Artur: As pessoas que estavam no protesto tinham uma organização ou foi algo mais espontâneo? Lilit: Não, tinha sua organização e dizem que, bom, é bastante grande, tem gente de diáspora que lhes ajuda, mas são só rumores não posso dizer nada concreto, mas eles que estavam aqui era o grupo, os veteranos que estavam na guerra de Nagorno-Karabakh faz vinte e mais anos, então, são gente inteligente, são gente que tem estado em posições também, depois da independência de Armênia, em posicões muito altas como o ministério de Defesa, Varujan?, não me lembro seu nome, mas depois se necessitas posso marcar. Varujan Avetisian, sim. Assim que é inteligentíssimo, ele quando fala e sabes que tem meta, que é lógico o que esta dizendo era um dos veteranos em Nagorno-Karabakh, assim que são gente que não, que são gente especial. Não sei, o fizeram por seu amigo [o general Vardán] Eguiazarian139 que agora é um prisioneiro político e tudo isso,

queriam liberá-lo, bom, a ideia era liberá-lo, mas depois se converteu em algo mais que queriam também o renúncio do Presidente, o governo em geral, mas começou como algo para Eguizarian. Artur: Ao mesmo tempo o Presidente era combatente de Karabakh...

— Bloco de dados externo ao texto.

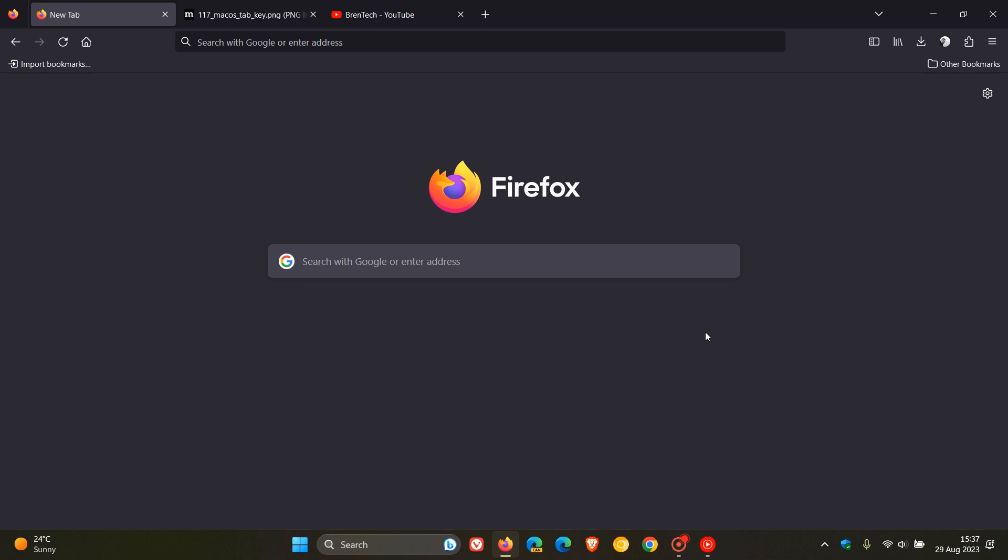So Firefox version 117 is now busy rolling out and started rolling out about 35 minutes or so ago today on the 29th of August 2023.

Lilit: Ah...não, quando perguntas à gente quem realmente, por exemplo, perdeu seus “legs or arms”140...quando lhes pergunta a eles dizen: “é diferente”. Temos agora generais em Armênia que

dizem que combateram na terra de Nagorno-Karabakh, mas quando lhes fala, eles já são gente que não, quiçá estavam aí, mas fizeram nada para este país, que são tontos, terríveis, terríveis e agora estão governando141.

Artur: Se utilizam da imagem de Karabakh...

139 Outro militar veterano de Karabakh e ativista opositor ao governo atual, Jirair Sefilian, foi preso em junho de 2016 por posse ilegal de armas. Em 17 de julho de 2016 manifestantes tomaram um posto policial de assalto e um policial foi morto e dezenas de manifestantes foram detidos na ocasião.

140 Pernas ou braços

141 Porto (2017) fala sobre essa passagem histórica: “em primeiro lugar, a independência da República do Karabakh foi declarada em 1994, mas a classe política que controlaria a região desenvolvera a sua trajetória precisamente na República da Armênia – o exemplo mais claro disso é o caso do primeiro presidente do Karabakh, Robert Khocharyan, que, imediatamente após o seu mandato, seria eleito para a presidência da Armênia. Esse tipo de trânsito dos homens políticos entre Estados independentes produz uma situação um tanto anômala e serve de fundamento para a argumentação de que os armênios não estariam sendo sinceros em sua luta por um Karabakh autônomo (Porto, 2007: 175-6).